PROBLEM DESCRIPTION — For this exercise, transcribe every line of the material exactly and skip the pictures.
----- DATA EXTRACTS -----
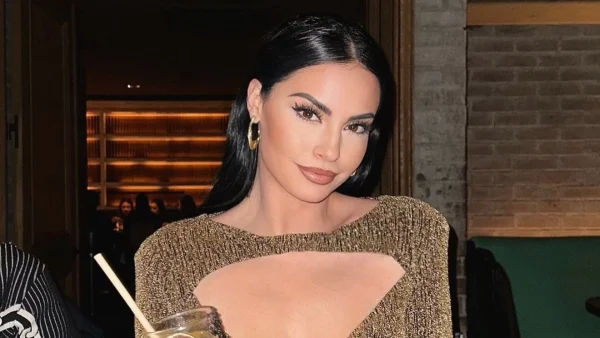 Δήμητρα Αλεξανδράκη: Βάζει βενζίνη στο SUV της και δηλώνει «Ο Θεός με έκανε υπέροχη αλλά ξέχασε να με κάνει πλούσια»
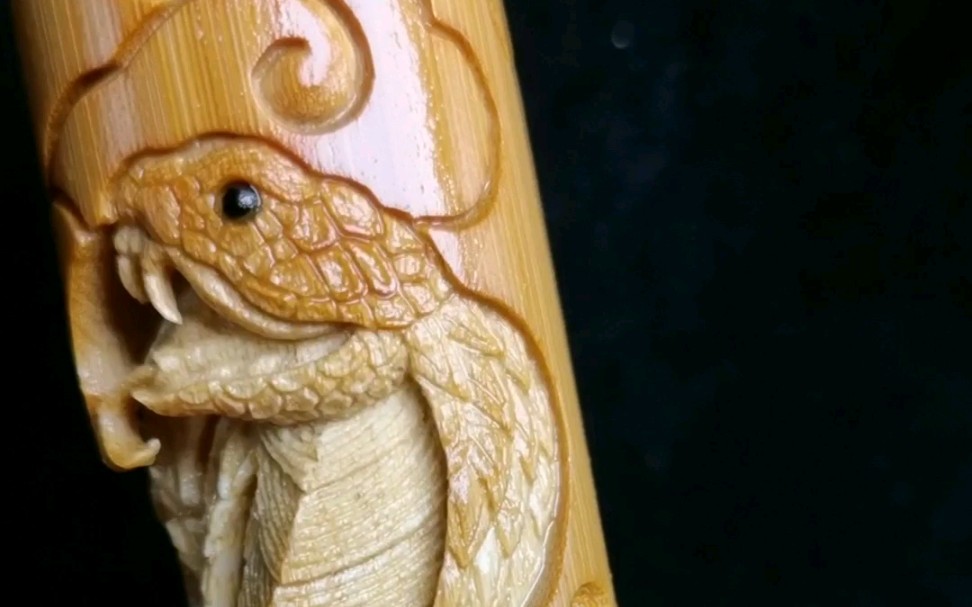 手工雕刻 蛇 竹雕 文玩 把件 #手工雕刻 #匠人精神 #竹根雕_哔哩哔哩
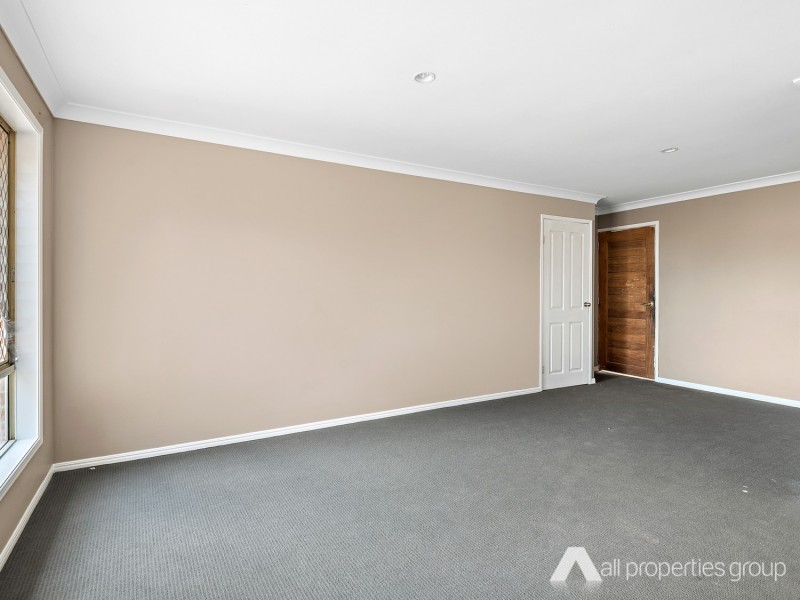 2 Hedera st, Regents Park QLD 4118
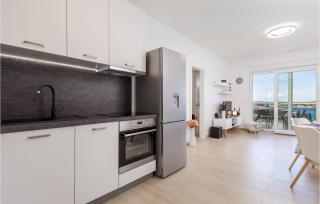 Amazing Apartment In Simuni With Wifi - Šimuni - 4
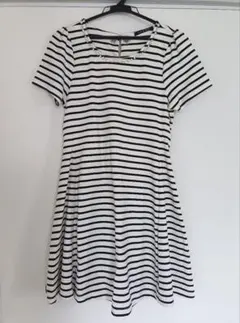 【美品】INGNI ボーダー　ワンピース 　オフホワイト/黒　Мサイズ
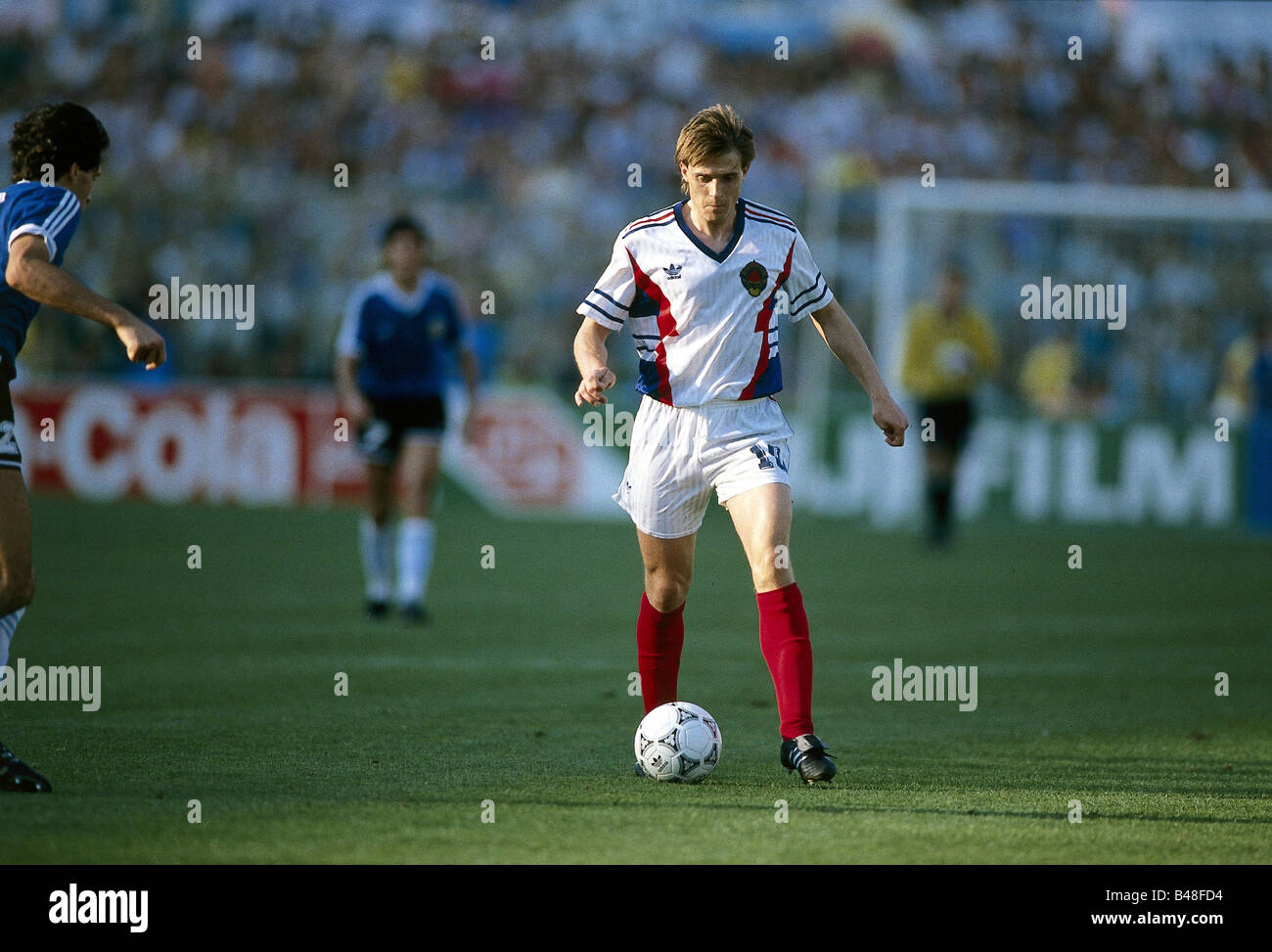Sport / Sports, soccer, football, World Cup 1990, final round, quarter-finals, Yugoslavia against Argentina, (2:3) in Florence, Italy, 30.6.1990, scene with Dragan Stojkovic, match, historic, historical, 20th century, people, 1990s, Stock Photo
-----
RESPONSE —
 Δήμητρα Αλεξανδράκη: Βάζει βενζίνη στο SUV της και δηλώνει «Ο Θεός με έκανε υπέροχη αλλά ξέχασε να με κάνει πλούσια»
 手工雕刻 蛇 竹雕 文玩 把件 #手工雕刻 #匠人精神 #竹根雕_哔哩哔哩
 2 Hedera st, Regents Park QLD 4118
 Amazing Apartment In Simuni With Wifi - Šimuni - 4
 【美品】INGNI ボーダー　ワンピース 　オフホワイト/黒　Мサイズ
Sport / Sports, soccer, football, World Cup 1990, final round, quarter-finals, Yugoslavia against Argentina, (2:3) in Florence, Italy, 30.6.1990, scene with Dragan Stojkovic, match, historic, historical, 20th century, people, 1990s, Stock Photo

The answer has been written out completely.